Die Berichte gehen auf eine soeben im Fachblatt Nature Communications Earth and Environment veröffentlichten Studie US-amerikanischer Wissenschaftlerinnen und Wissenschaftler zurück. Auf Twitter weisen allerdings andere Wissenschaftler wie Stefan Rahmstorf vom Potsdam Institut für Klimafolgenforschung oder Michael Mann von der Penn State University in den USA darauf hin, dass die Studie diese Aussagen nicht deckt. Vermutlich gehen sie auf eine unpräzise und reißerisch formulierte Pressemitteilung einer der beteiligten Universitäten zurück.

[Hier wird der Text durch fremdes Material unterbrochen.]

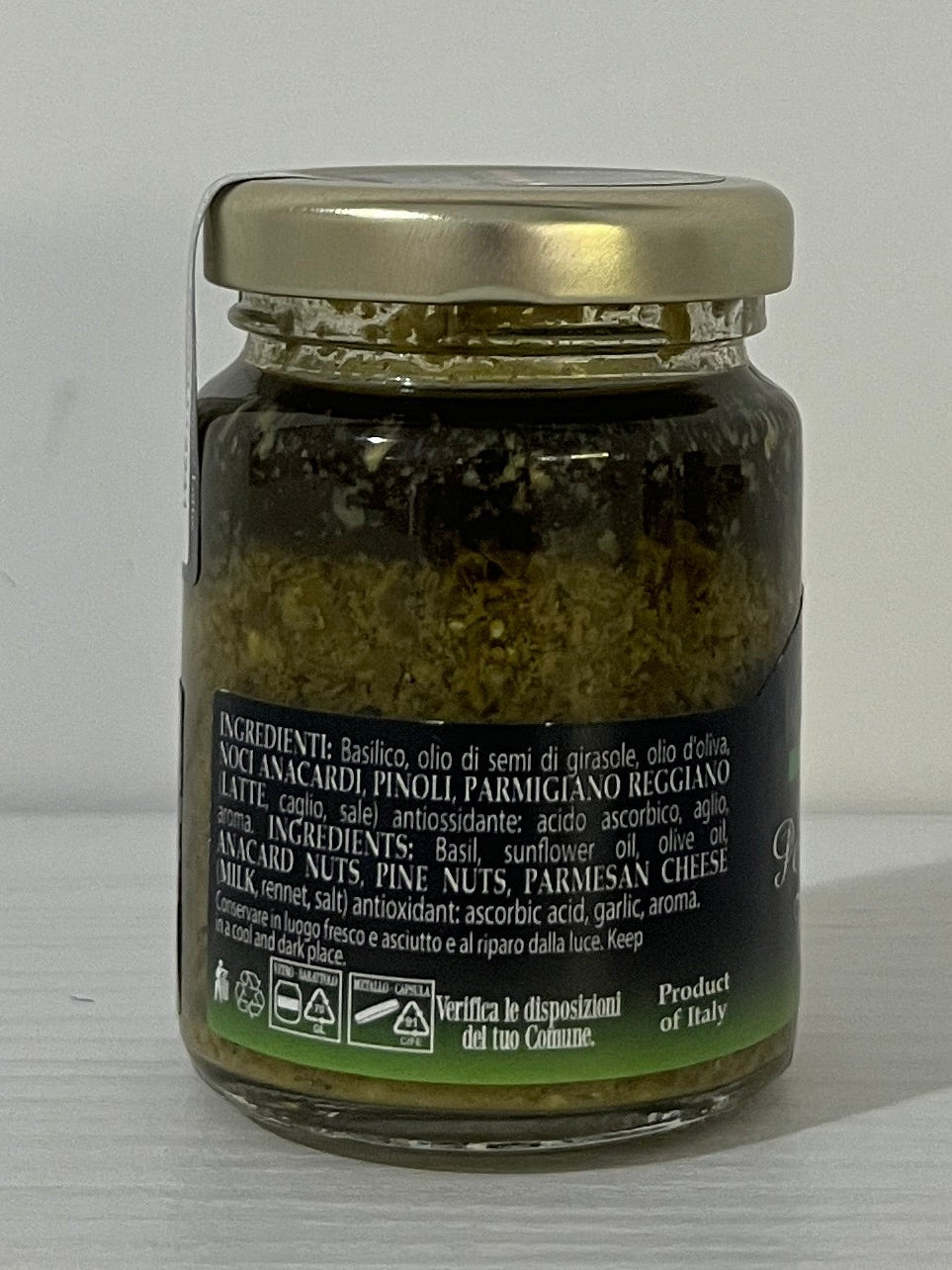 Pesto mit Trüffel - 170 g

Worum geht es? Unstrittig ist, dass das Eis auf Grönland beschleunigt abnimmt und derzeit etwa einen Millimeter pro Jahr zum Anstieg des globalen Meeresspiegels beiträgt. Während zwar jedes Jahr neues Eis durch Schneefall gebildet wird, überwiegen seit vielen Jahren die Verluste durch sommerliches Tauen und das Kalben an den vielen sich ins Meer ergießenden Eiszungen.

Die Studie hat sich ausschließlich mit Letzterem beschäftigt und die aus den vergangenen drei Jahrzehnten vorliegenden Daten für über 200 Gletscherzungen ausgewertet. Ihr Ergebnis: Je mehr des vom Land aufs Wasser gedrückten Eises abbricht oder an der Unterseite vom warmen Meerwasser abgetaut wird, desto schneller strömt das Eis zum Meer.

Dieser Prozess sei inzwischen soweit fortgeschritten, dass er vermutlich auch nicht mehr aufzuhalten sei, wenn der Klimawandel gestoppt werden könne.

Aber, und das ist entscheidend: "Wir (…) haben herausgefunden, dass der wachsende Eisverlust nahezu vollständig mit dem Rückzug der Gletscherfronten erklärt werden kann..." Prozesse im Inlandeis, aus dem sich die Gletscher speisen, spielten dagegen kaum eine Rolle.

Nun weisen Rahmstorf und andere darauf hin, dass die Gletscher irgendwann so viel Eis verloren haben werden, dass sie nur noch gerade bis ans Ufer oder zu den flachen Enden der Fjorde reichen. Dort würde das abbrechende Eis aber nicht mehr so schnell und einfach aufs Meer hinaustreiben. Auch könne kaum noch Eis an der Unterseite durch das wärmere Meer zum Tauen gebracht werden.

Der Eisverlust würde sich also verlangsamen, so lange nicht mehr Eis aus dem Inland nachdrückt. An diesem Punkt wird für das weitere Schicksal des restlichen Eisschildes entscheidend, wie das Verhältnis von Schneefall zum Abtauen an der Oberfläche ist. Überwiegt Letzteres, wird der Eisschild weiter schrumpfen. Andernfalls bleibt er stabil oder wächst gar an, bis wieder mehr Eis aufs Meer hinausgedrückt wird.

Also alles im grünen Bereich? Keinesfalls. Auch für das Abtauen an der Oberfläche gibt es einen kritischen Schwellenwert. Ist dieser einmal überschritten, würde der Eisschild immer weiter schrumpfen, weil er dünner wird und seine Oberfläche somit in wärmere Atmosphärenschichten absinkt.

Ob dieser Punkt schon erreicht ist und wo er genau liegt, wissen wir nicht, wie Rahmstorf betont. Sicher scheint bisher nur, dass wir nicht allzu weit von ihm entfernt sind.